[Web page caption snippets]
────
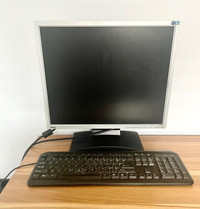 15” Computer Monitor with key board 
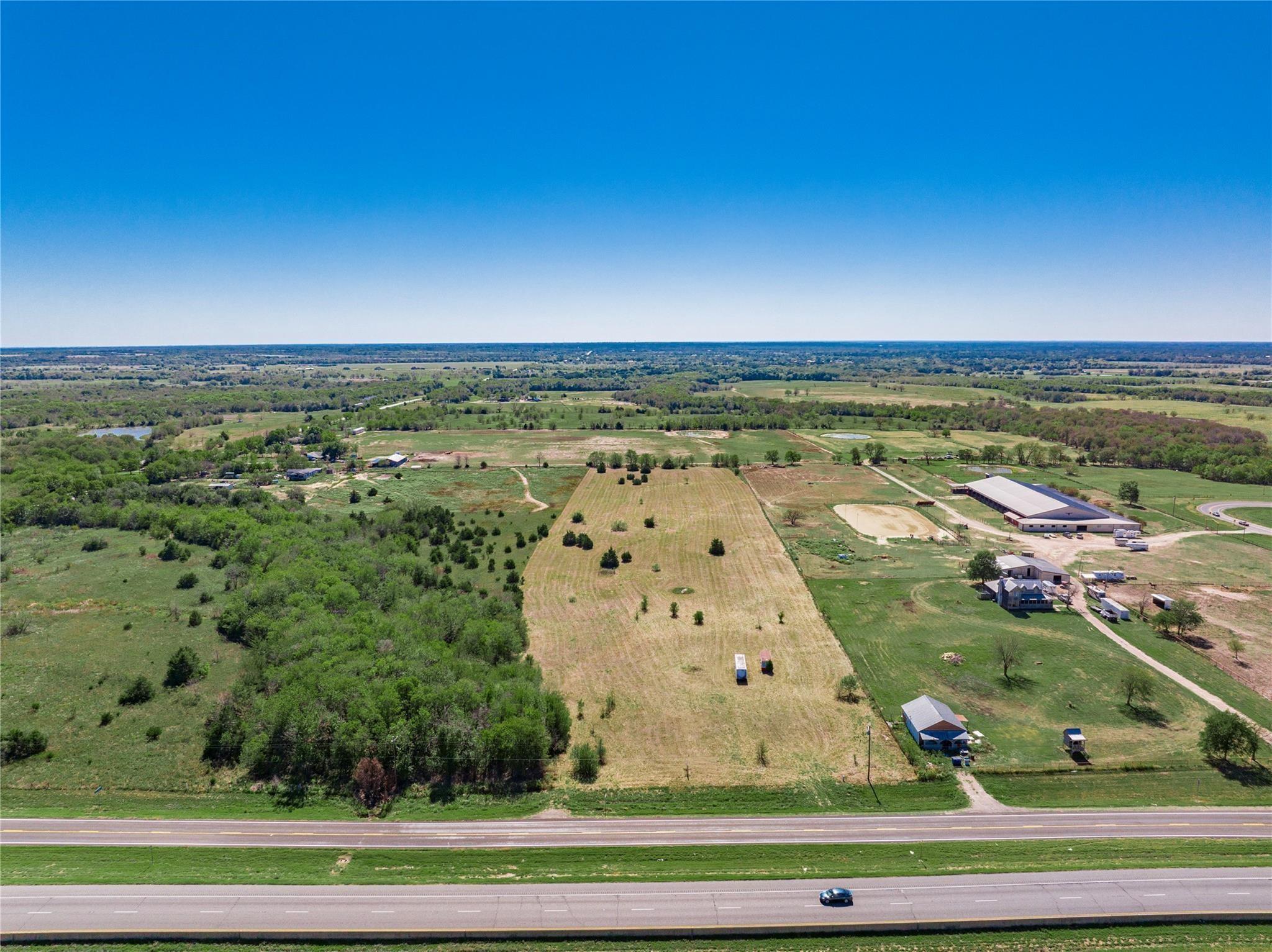 main property photo 13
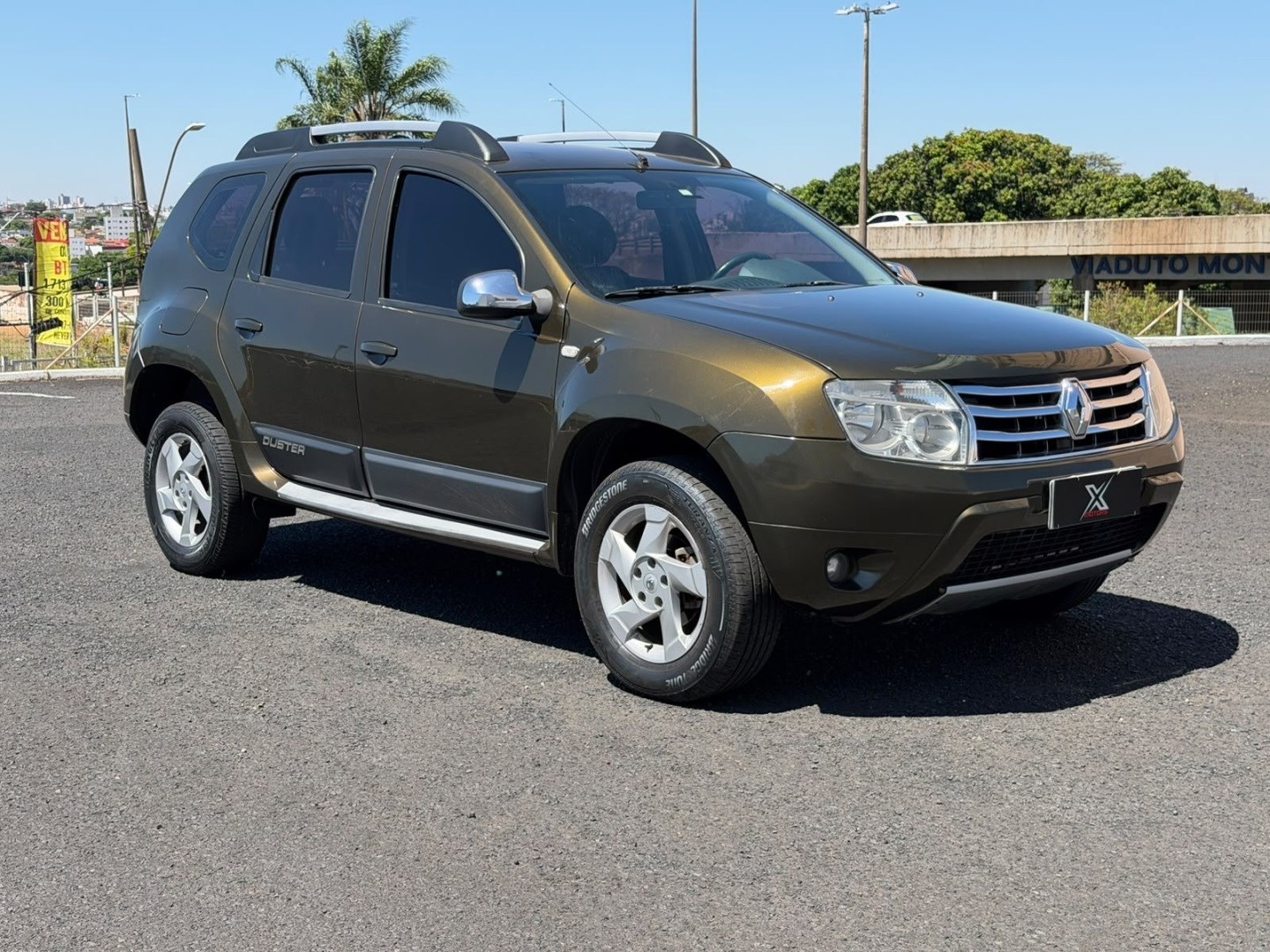 RENAULT DUSTER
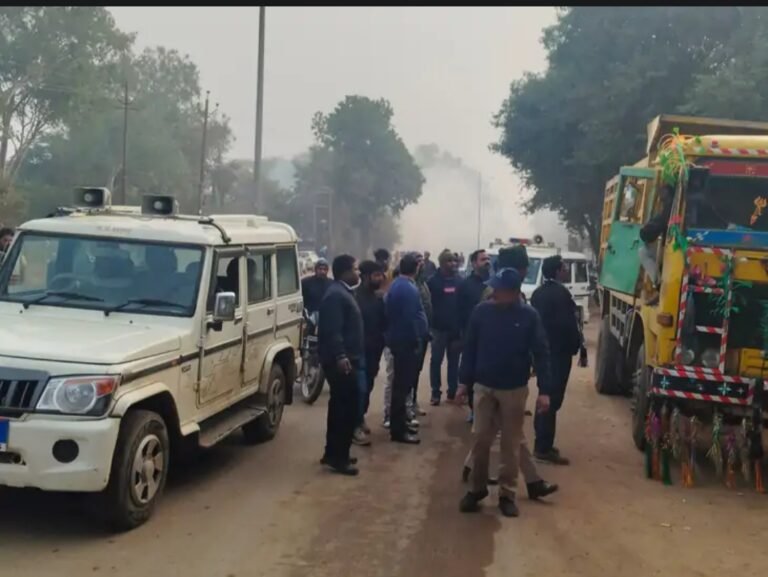 सड़क पर लाइन लगा कर खड़े  रेत गिट्टी के खड़े  वाहनों पर प्रशासन ने की चलानी कार्यवाही,25 वाहनों के काटे चालान 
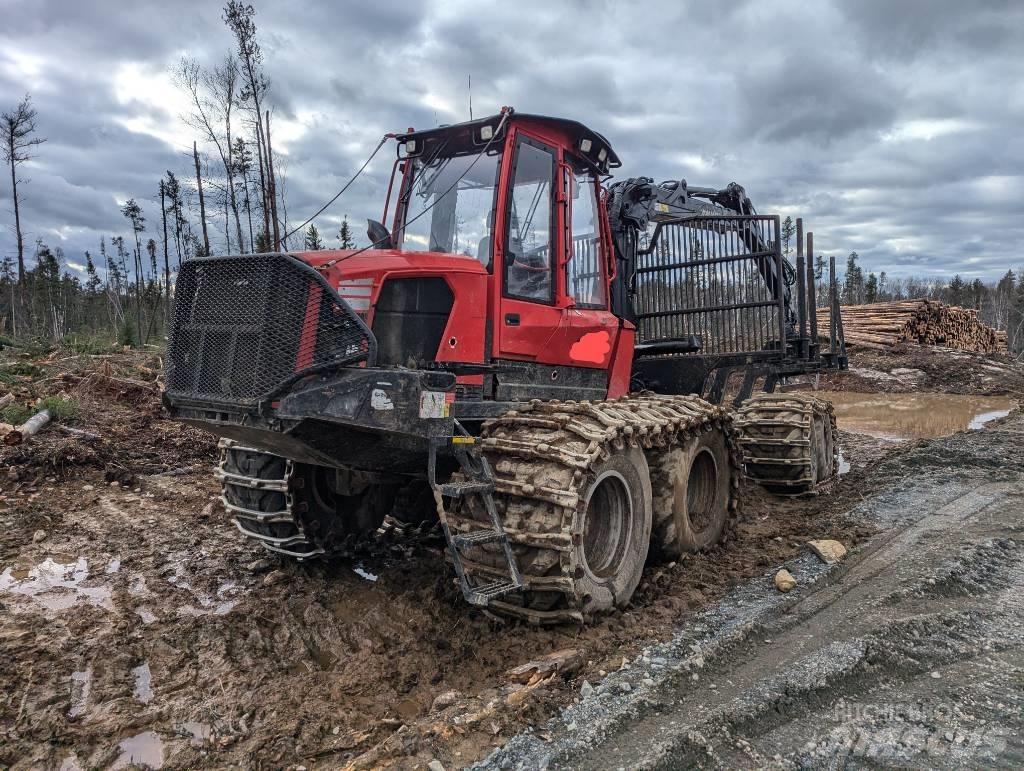 Komatsu 895 Forwarders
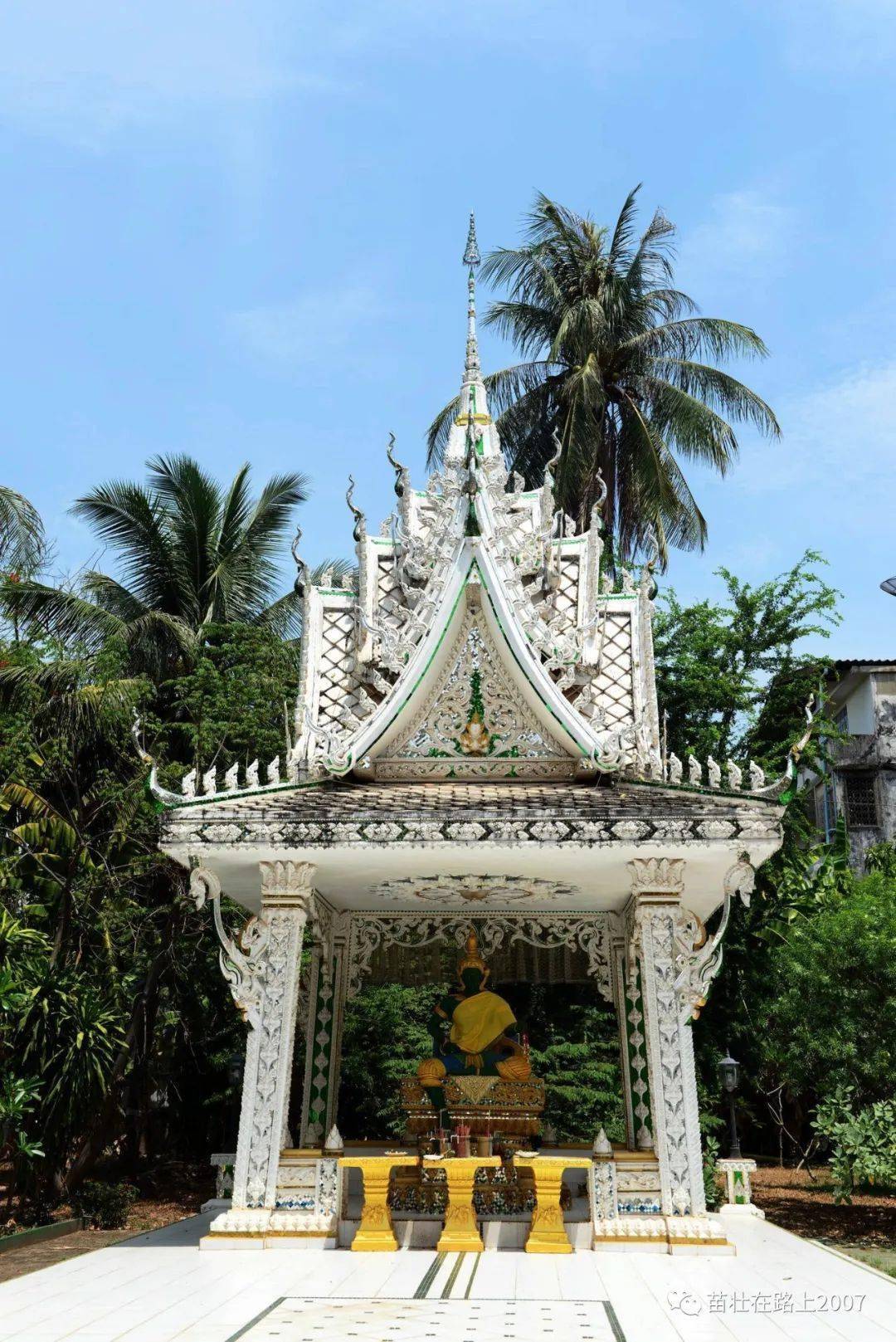 23:在老挝首都万象的最后一天,the last day in vientiane_城市_寺庙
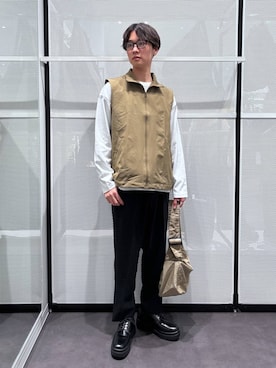 「LAKOLE（ラコレ）のアイテム（ベスト）」を使った、NAOさん（メンズ・175cm）の冬コーディネート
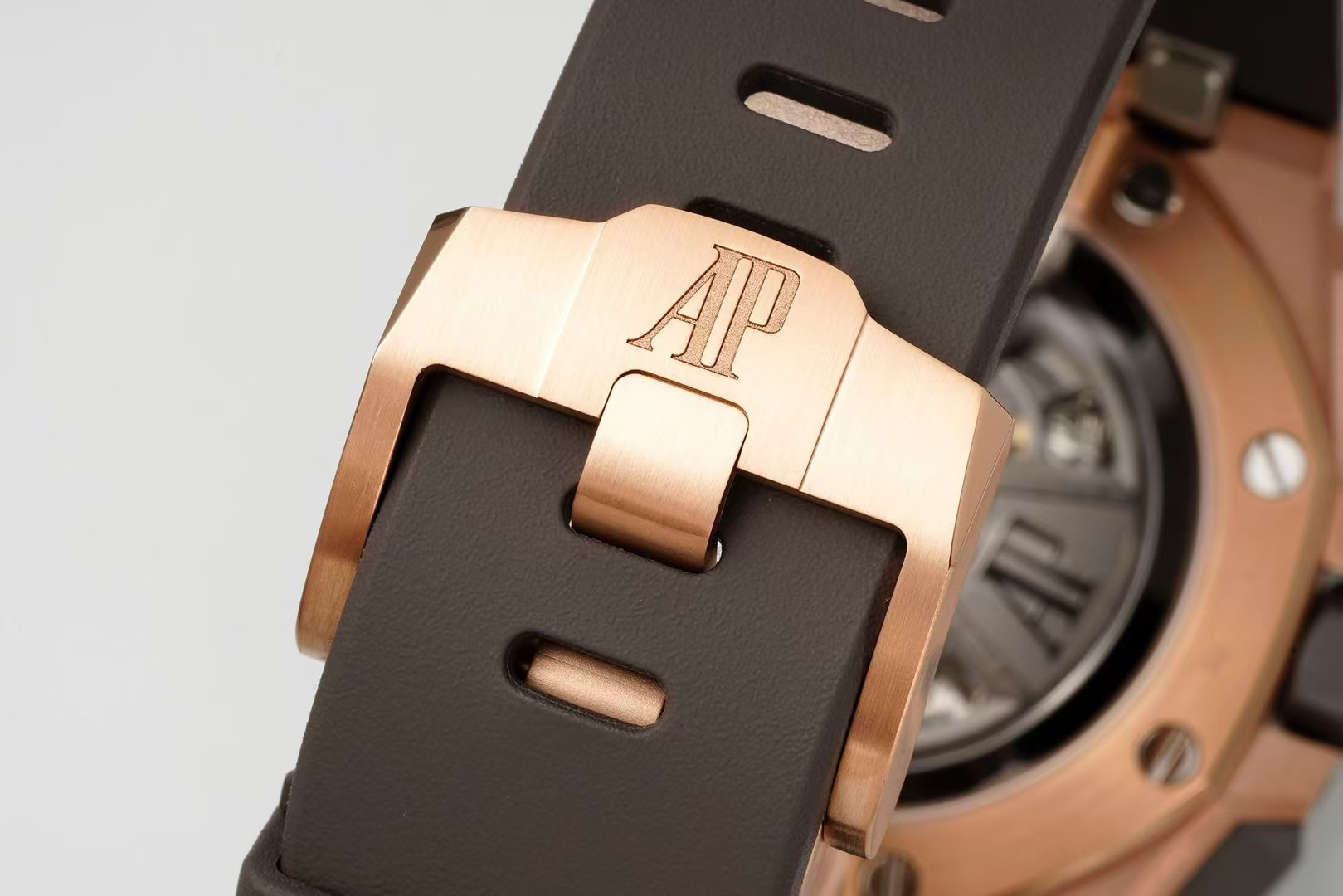 Audemars Piguet Royal Oak Offshore Rose Gold - Image 3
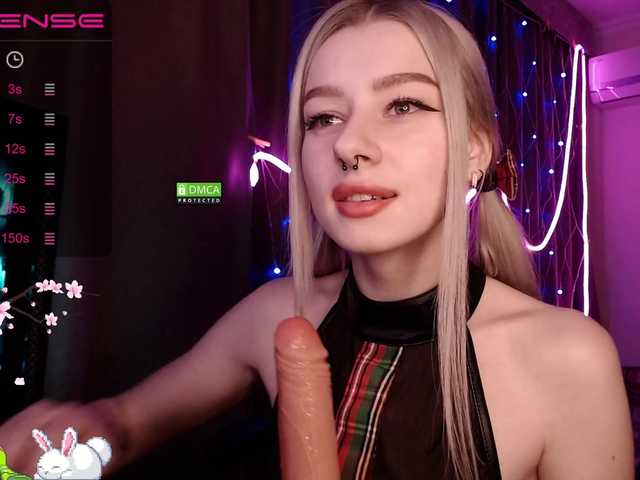 Live sex webcam photo for Annelitt #287948083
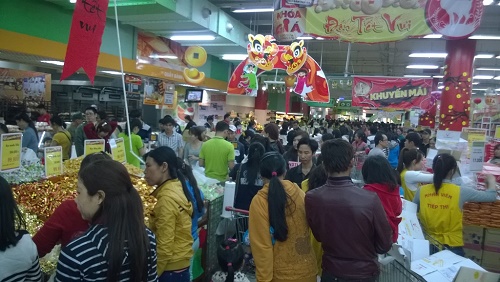 Người dân đang đổ xô đi mua sắm trong những ngày cận Tết Nguyên Đán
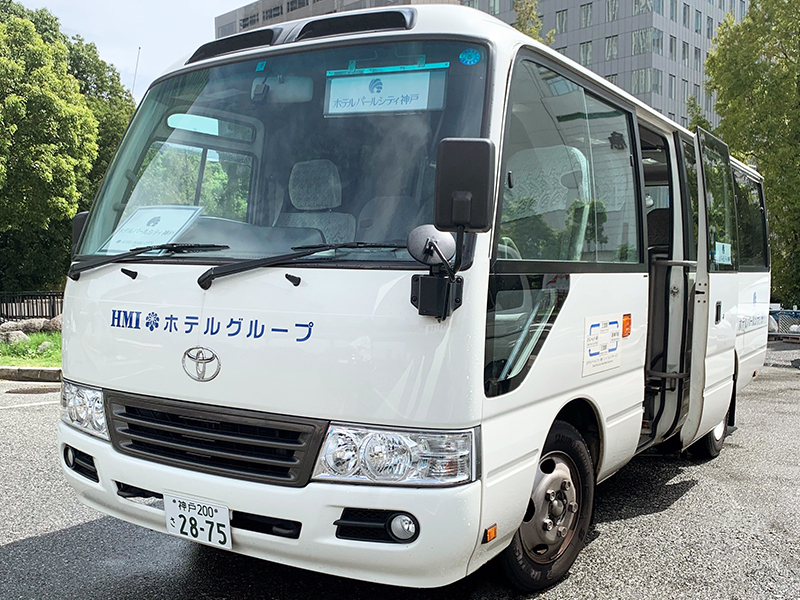 シャトルバス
────
§ WHAT THE EXERCISE ASKS
Copy out exactly the lines between the line containing "main property photo 13" and the end of the entries, including both, and leave the pictures behind.

§ RESULT OF THE EXERCISE
 main property photo 13
 RENAULT DUSTER
 सड़क पर लाइन लगा कर खड़े  रेत गिट्टी के खड़े  वाहनों पर प्रशासन ने की चलानी कार्यवाही,25 वाहनों के काटे चालान 
 Komatsu 895 Forwarders
 23:在老挝首都万象的最后一天,the last day in vientiane_城市_寺庙
 「LAKOLE（ラコレ）のアイテム（ベスト）」を使った、NAOさん（メンズ・175cm）の冬コーディネート
 Audemars Piguet Royal Oak Offshore Rose Gold - Image 3
 Live sex webcam photo for Annelitt #287948083
 Người dân đang đổ xô đi mua sắm trong những ngày cận Tết Nguyên Đán
 シャトルバス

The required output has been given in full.